● Exercise instructions
Lines from the beginning of the data below through the one containing "Силіконовий чохол з" are to be printed exactly as they appear.

● Records for processing

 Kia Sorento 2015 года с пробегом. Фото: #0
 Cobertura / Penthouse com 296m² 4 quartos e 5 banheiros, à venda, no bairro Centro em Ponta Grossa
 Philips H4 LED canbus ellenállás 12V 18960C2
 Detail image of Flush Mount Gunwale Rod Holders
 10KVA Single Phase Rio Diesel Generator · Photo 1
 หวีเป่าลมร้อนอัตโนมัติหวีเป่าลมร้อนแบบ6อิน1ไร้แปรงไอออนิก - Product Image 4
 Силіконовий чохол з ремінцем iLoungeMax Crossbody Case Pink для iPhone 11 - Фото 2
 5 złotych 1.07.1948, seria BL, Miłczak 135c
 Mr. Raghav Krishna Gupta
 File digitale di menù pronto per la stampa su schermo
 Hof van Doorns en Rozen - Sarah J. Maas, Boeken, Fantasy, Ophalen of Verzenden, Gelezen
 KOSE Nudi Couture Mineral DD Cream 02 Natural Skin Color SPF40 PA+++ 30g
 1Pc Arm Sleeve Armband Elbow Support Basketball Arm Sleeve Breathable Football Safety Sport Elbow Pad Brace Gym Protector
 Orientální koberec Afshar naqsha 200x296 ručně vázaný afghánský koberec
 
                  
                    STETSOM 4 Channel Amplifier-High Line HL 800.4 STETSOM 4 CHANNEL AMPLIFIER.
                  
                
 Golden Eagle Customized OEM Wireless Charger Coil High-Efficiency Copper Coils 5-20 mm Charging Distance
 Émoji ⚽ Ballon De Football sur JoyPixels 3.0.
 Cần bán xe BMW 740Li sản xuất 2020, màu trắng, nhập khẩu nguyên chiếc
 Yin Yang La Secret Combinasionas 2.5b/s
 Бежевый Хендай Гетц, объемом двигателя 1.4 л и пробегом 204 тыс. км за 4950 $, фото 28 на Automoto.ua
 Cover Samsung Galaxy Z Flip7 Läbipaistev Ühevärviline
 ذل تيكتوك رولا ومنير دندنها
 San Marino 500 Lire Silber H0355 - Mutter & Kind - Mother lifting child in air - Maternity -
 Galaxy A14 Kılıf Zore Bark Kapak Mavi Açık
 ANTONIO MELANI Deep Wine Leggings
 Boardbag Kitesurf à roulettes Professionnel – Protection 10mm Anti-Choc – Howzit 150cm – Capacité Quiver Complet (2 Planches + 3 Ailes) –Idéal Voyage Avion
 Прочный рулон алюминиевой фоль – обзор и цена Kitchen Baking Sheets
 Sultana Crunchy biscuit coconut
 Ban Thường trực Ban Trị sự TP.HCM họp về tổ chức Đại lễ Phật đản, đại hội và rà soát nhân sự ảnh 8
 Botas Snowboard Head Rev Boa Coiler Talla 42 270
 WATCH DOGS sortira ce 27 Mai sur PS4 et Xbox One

● Exercise response
 Kia Sorento 2015 года с пробегом. Фото: #0
 Cobertura / Penthouse com 296m² 4 quartos e 5 banheiros, à venda, no bairro Centro em Ponta Grossa
 Philips H4 LED canbus ellenállás 12V 18960C2
 Detail image of Flush Mount Gunwale Rod Holders
 10KVA Single Phase Rio Diesel Generator · Photo 1
 หวีเป่าลมร้อนอัตโนมัติหวีเป่าลมร้อนแบบ6อิน1ไร้แปรงไอออนิก - Product Image 4
 Силіконовий чохол з ремінцем iLoungeMax Crossbody Case Pink для iPhone 11 - Фото 2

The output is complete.